Une partie des structures de l’économie sociale et solidaire ne se saisit que peu des enjeux de communication : par manque de temps et de ressources pour les plus petites et les plus jeunes, sans doute, mais aussi parce que la notion de communication et ses déclinaisons opérationnelles semblent poser question, voire être problématiques et créer un conflit avec les démarches et les valeurs sociales et solidaires. Tour d’horizon des enjeux et des réponses qui peuvent y être apportées.

Communication : mais de quoi parle-t-on ?

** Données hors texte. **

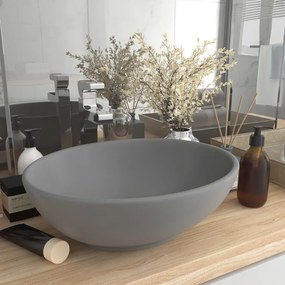 Lavandino Lusso Ovale Grigio Chiaro Opaco 40x33 Cm İn Ceramica /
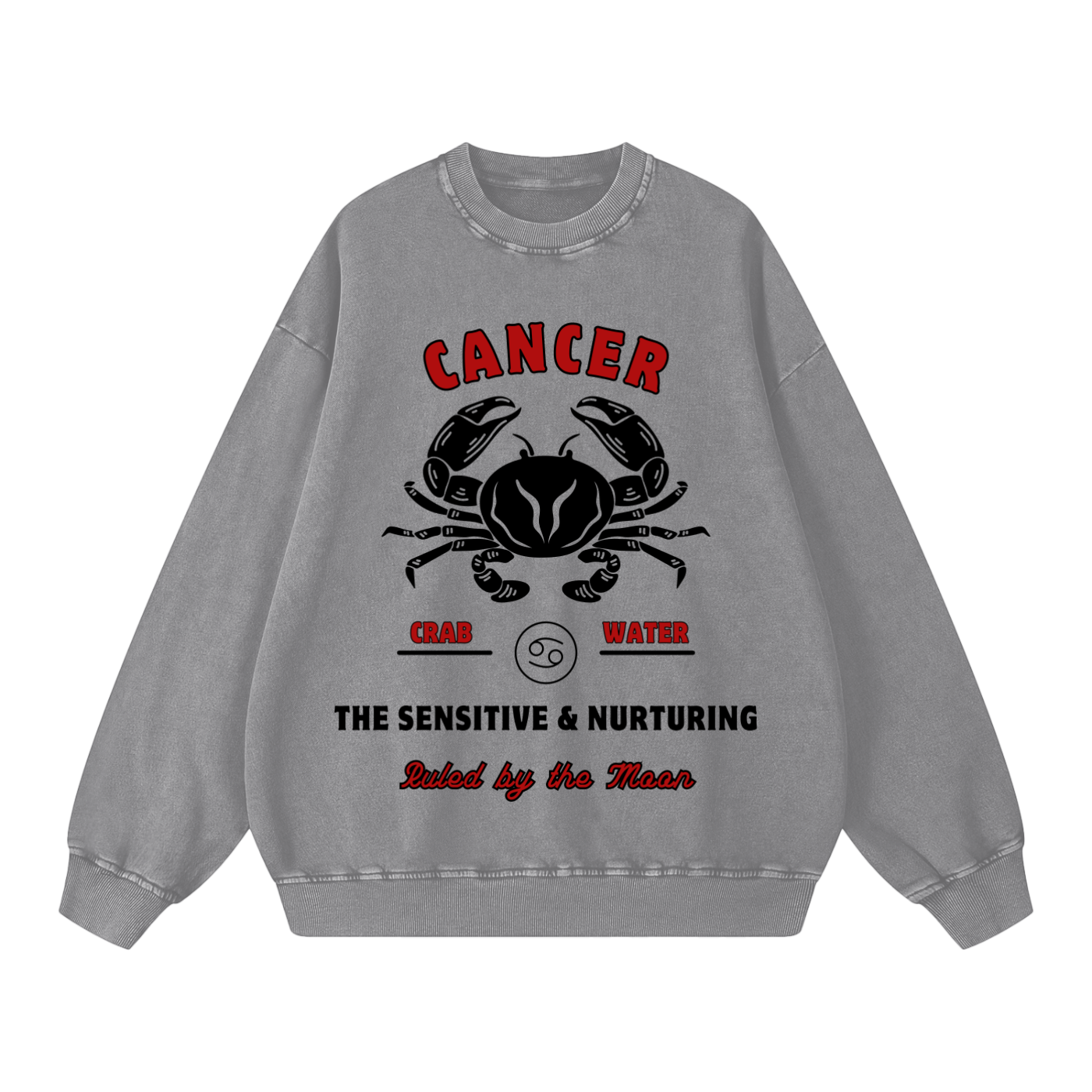 ‘Cancer’ Black Print CCC Zodiac Collection Crewneck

Le premier reproche qui peut être fait, de façon plus ou moins explicite, aux activités de communication dans le monde des structures de l’ESS est qu’elles relèveraient de pratiques opposées aux principes sociaux et solidaires. Communication, marketing, ciblage : autant de "gros mots" utilisés par les entreprises capitalistes et qui de ce fait seraient dangereux à adopter pour les structures de l’ESS, sous peine d’y perdre leur particularité. Il est intéressant de remarquer qu’aucune étude de grande ampleur n’a examiné ce phénomène : ce sont les expériences communes qui tendent à montrer une telle récurrence. Le Manuel de communication à l’usage des entrepreneurs sociaux et associatifs1 se fonde sur le constat que "mettre trop en avant ses actions est fréquemment vécu comme un renoncement – au moins partiel – aux valeurs propres à l’ESS". De même, une étude de terrain qualitative menée auprès d’acteurs de l’ESS en Ile-de-France2 constate que ceux-ci se rejoignent dans un certain discours : "La communication est une spécialité de l’économie classique et à ce titre elle inquiète un peu : [...] ce serait une intrusion d’un procédé du libéralisme."

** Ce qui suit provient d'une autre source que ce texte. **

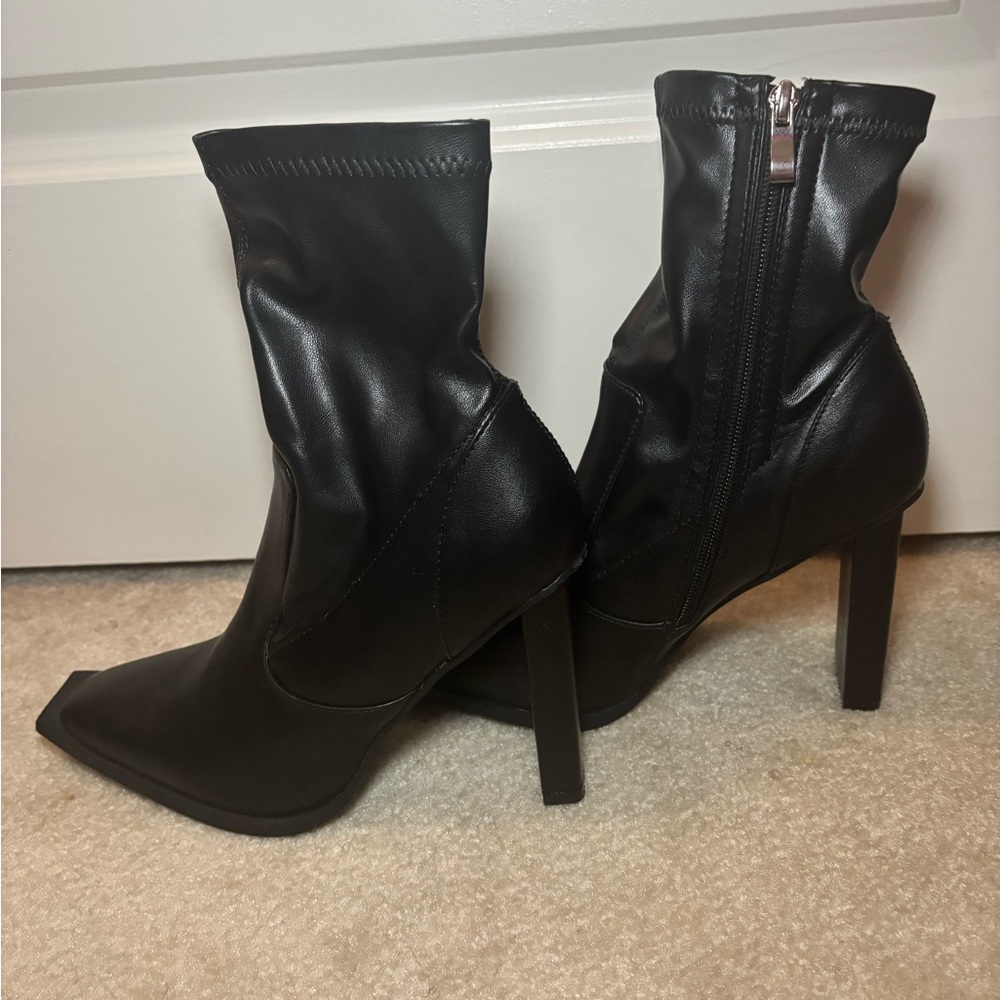 Square Tip Black Ankle Boots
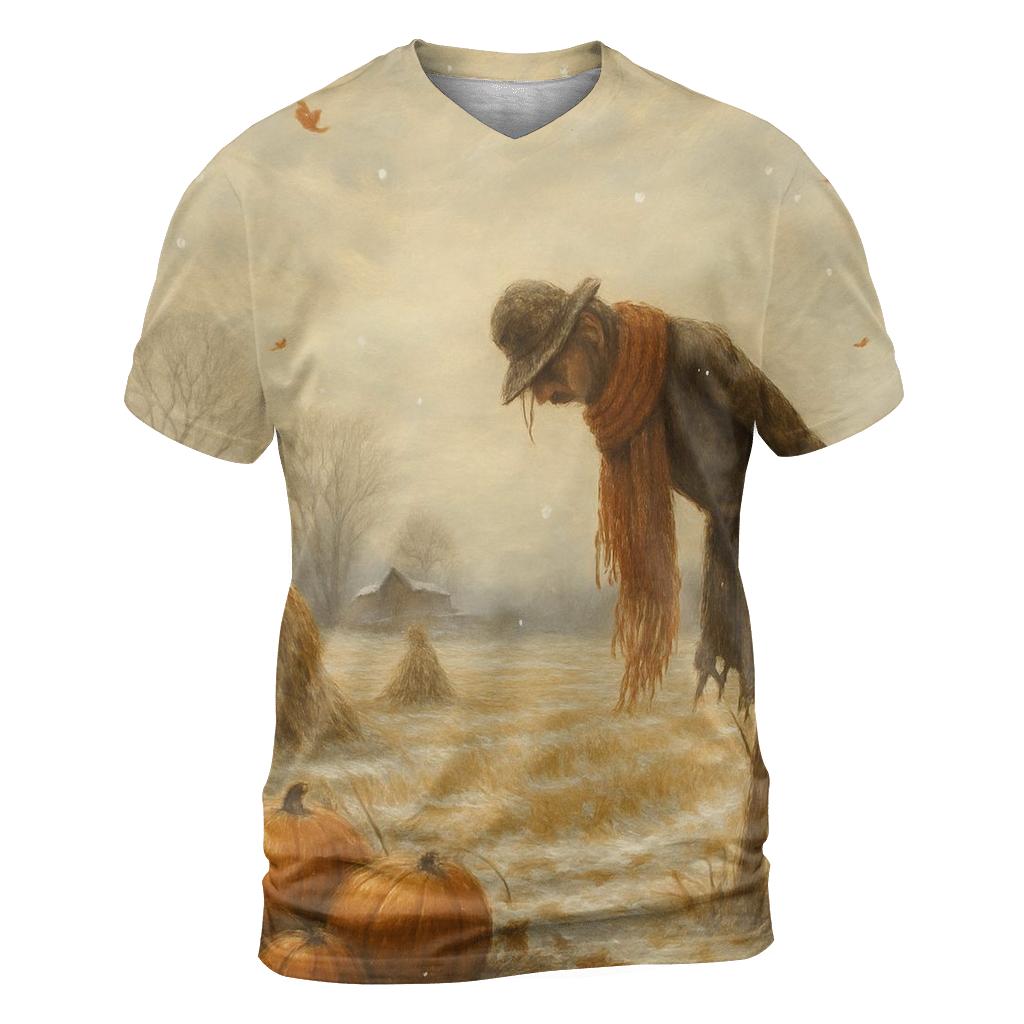 First Snow Over Late Harvest Fields unique graphic print tees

Paradoxalement, c’est pourtant bien de communication qu’il est question dans l’idée même d’intérêt général et d’intérêt collectif : dès lors qu’il s’agit de créer les possibilités de se rassembler, de créer et de gérer ensemble, de militer en faveur de changements sociaux ou environnementaux, ou même de proposer des biens et services à destination de certains publics, plus ou moins spécifiques, on parle bien de communication. Les structures de l’ESS sont, d’entrée de jeu, inscrites dans une logique d’information et de sensibilisation aux valeurs qu’elles portent et aux solutions qu’elles apportent.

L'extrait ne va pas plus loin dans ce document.